The business plan for 2016/17 was crafted in relation to the strategic plan’s requirement that the Foundation move from what it calls “enhancement” to what it calls “consolidation” by 2016. Of course, a winning organisation is defined by its willingness to keep improving, and this is a value the Foundation embraces. Within that frame, we saw consolidation of both our processes and our delivery across all functional areas. Some of the highlights are detailed below.

Planning is difficult in highly dynamic contexts. We could not foresee the extent to which we would be drawn into mediation work in relation to the unfolding crisis on our university campuses.
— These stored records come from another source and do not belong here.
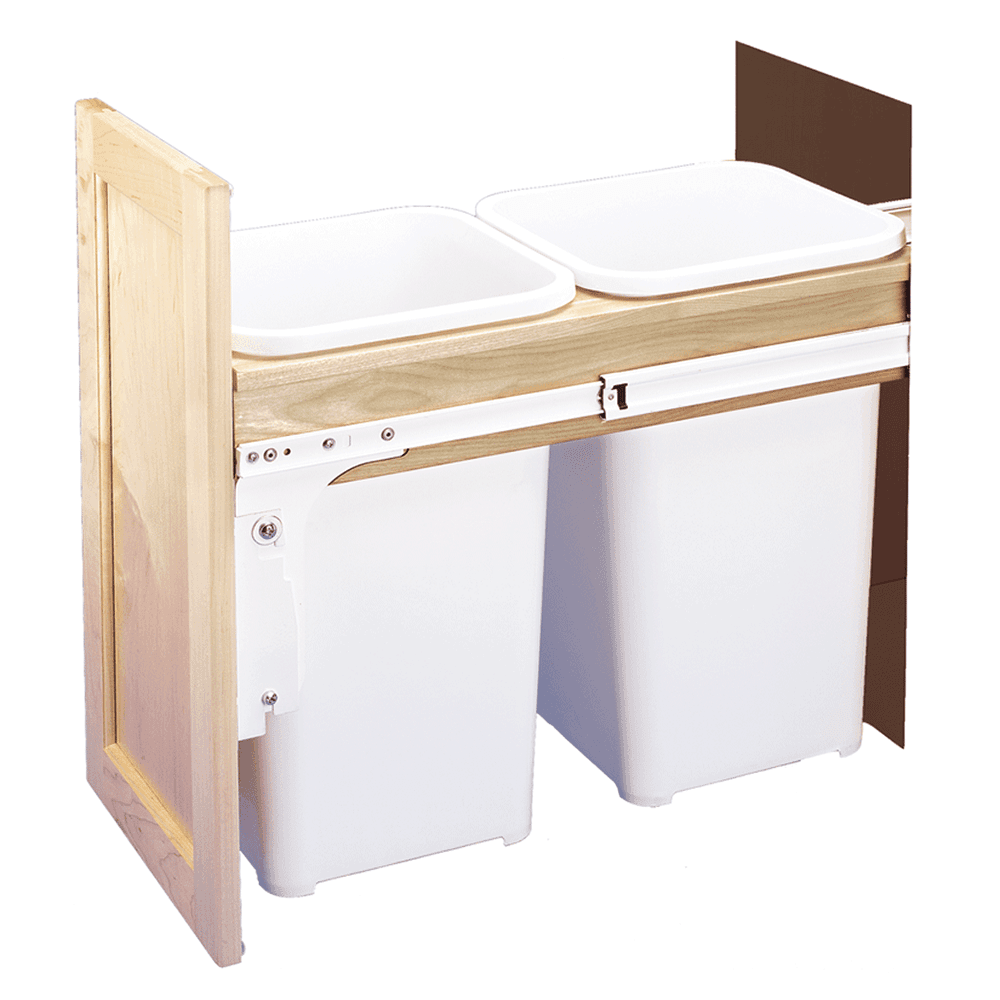 Double 27 QT Top-Mount Waste Container Pullout with Standard-Close for 1-1/2" Face Frame, Natural White - Main Image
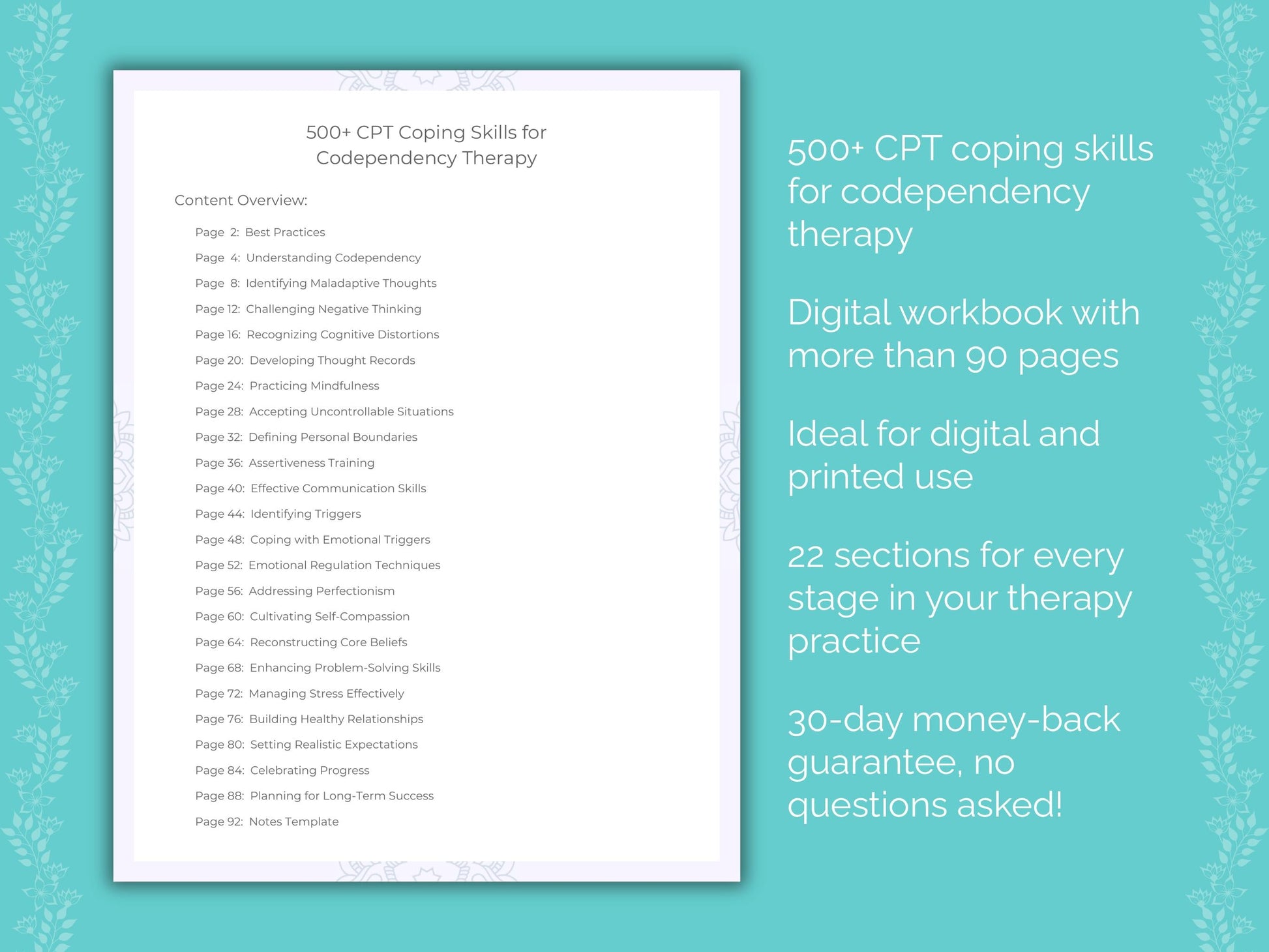 Codependency Cognitive Processing Therapy (CPT) Therapist Worksheets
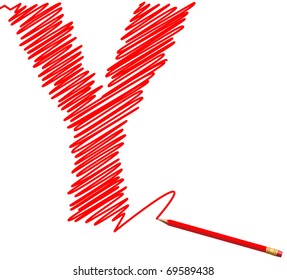 draw sketch letter by red pencil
We could not foresee the dramatic disclosures on state capture and the mounting evidence of a shadow state being created in South Africa.
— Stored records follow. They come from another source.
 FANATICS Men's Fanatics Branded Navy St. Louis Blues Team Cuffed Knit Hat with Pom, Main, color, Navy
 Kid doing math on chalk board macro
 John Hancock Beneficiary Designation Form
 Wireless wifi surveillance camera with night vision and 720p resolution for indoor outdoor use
These and many other related developments led our Board of Trustees into deep reflection on the overarching purpose and positioning of the Foundation. While the reflection is continuing, in the report period it underpinned our taking on a far more robust advocacy role and intervening far more frequently in the public domain.
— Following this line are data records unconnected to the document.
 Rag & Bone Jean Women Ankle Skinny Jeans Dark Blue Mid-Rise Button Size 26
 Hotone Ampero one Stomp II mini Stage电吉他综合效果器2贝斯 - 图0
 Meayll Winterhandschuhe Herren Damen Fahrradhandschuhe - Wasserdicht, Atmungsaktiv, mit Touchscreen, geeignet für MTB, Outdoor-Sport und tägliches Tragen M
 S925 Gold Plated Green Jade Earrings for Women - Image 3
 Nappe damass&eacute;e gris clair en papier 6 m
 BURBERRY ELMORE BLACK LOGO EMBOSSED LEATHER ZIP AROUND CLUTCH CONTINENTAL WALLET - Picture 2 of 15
As we moved into 2017, our attention became increasingly focused on the centenary of our founder’s birth in 2018. Plans were far advanced for a centenary campaign driven by a dedicated Foundation team. The primary objectives of the campaign are threefold:

  • To demonstrate the relevance of Nelson Mandela’s legacy five years after his passing
  • To highlight the work of the Foundation in the memory-dialogue nexus
  • To secure the sustainability of the Foundation by completing the endowment project started by Mr Mandela in 2007


The contingencies outlined above absorbed considerable time and energy. Nonetheless, the Foundation was able to prioritise consolidation and to ensure that its line function programmes were able to meet their core delivery targets. In other words, routine daily work was implemented strongly and consistently. Key accomplishments include:

  • We demonstrated our capacity to deliver difficult “safe-space” dialogues in both local and international contexts. The crisis on our university campuses saw us in convening, mediating and negotiation roles. The international Mandela Dialogues on memory work moved into a second series and took us to Rwanda and Sri Lanka
  • The highly successful 14th Nelson Mandela Annual Lecture, addressed by Bill Gates on the Mamelodi campus of the University of Pretoria, was the biggest so far in terms of both the guests in the hall (more than 3 000) and the audience reached through broadcast and live streaming
  • The eighth annual Nelson Mandela International Day was again an enormous success and we continued to review the campaign to enhance it as an instrument for making the Mandela legacy more accessible globally. The Trek4Mandela project reached about quarter of a million girls in Southern Africa, but it also saw the tragic loss of race driver Gugu Zulu while climbing Kilimanjaro for the campaign. This was a painful moment for the Foundation, and we miss him still
  • Our social-media platforms were more firmly integrated and continued to grow in reach, with more than 10-million followers.
  • Our digital archive platform (a unique integrated solution for the preservation and accessibility of digital objects in our collections) was successfully  implemented. A metadata capturing team was put in place and is making good progress in preparing material for online accessibility
  • Our research and archive teams are working on four books. Dare Not Linger: The Presidential Years will be launched in October 2017. It completes a project started in 1998 by Mr Mandela to document and tell the story of his presidency

Governance and support

Our strategic plan requires us to secure the Foundation as a site of excellence in governance. In the report period, organisational development was prioritised:

  • A second organisational culture assessment was undertaken. This fed into a process that resulted in the Foundation adopting a formal set of institutional values. A strategy for embedding these in organisational culture will be developed next year
  • Teambuilding for staff was expanded, training and development processes were reviewed, and our intern and volunteer programmes were revamped
  • A risk assessment exercise was undertaken, organisational policies were reviewed, and the Board of Trustees went through a self-assessment exercise
  • A new fundraising strategy was adopted, with the opportunity provided by the 2018 centenary looming large in its implementation


I wish to thank our donors and partners for supporting us through another challenging year. Our Board has been a constant source of wisdom and strength. I am especially grateful to our Chairman, Professor Njabulo Ndebele, who always goes the extra mile in taking the heat in the public domain and in working tirelessly behind the scenes to give me and the management team what we need in strategic support. A final word of thanks goes to our staff for putting in the hard yards, keeping me honest, and making me proud.